Thanks for the update.

Seems like you have a 4320 watts of panels and get 3.82 power hours a day so the best you could generate is 16.5 KWH. Is the 14 KWH average available at the AC outlets or is that the just what is produced by the panels? Why do I ask? :laughing: An article in Home Power magazine said that the power loss of solar was 40% so one would only get 60% of the power generated. That 40% loss seems VERY high to me. I still am surprised that one does not get more than N number of hours of power production a day. You are getting about 4 hours a day and I would get about 5 year round. Your numbers are showing that you do get the predicted 4 hours of power production per day.

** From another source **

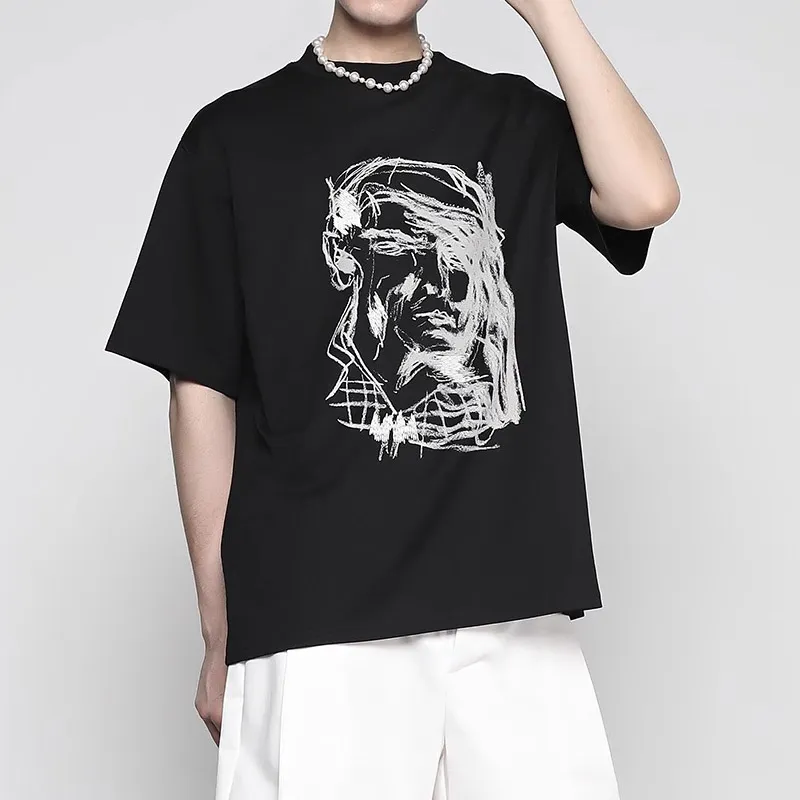 RAYSHOW T Shirts Men Black-4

Putting money aside, the big limitation for solar is the number of hours once can produce power, the need for power out side of the few hours where power production occurs, and how much power one gets at the AC outlets. An extra couple of hours of power production really makes a difference but there ain't much one can do about. :laughing: Batteries to store power are expensive an a long term expense that does not end. When I ran some quick numbers on a limited number of batteries to allow us to run our fridge, freezer, and well, the cost for solar really jumped.

Later,

Dan

See buckeyefarmer's post #21 here:

http://www.tractorbynet.com/forums/related-topics/253320-electric-knowledge-needed-please-3.html for an explanation of what/how gets to the AC outlets in your home.

The 3.82 number you referenced as "power hours" is the annual average amount of energy, expressed in kwh, that strikes a square meter of surface area. This is the "insolation" value the pv panels convert to power--at very low efficiency rates.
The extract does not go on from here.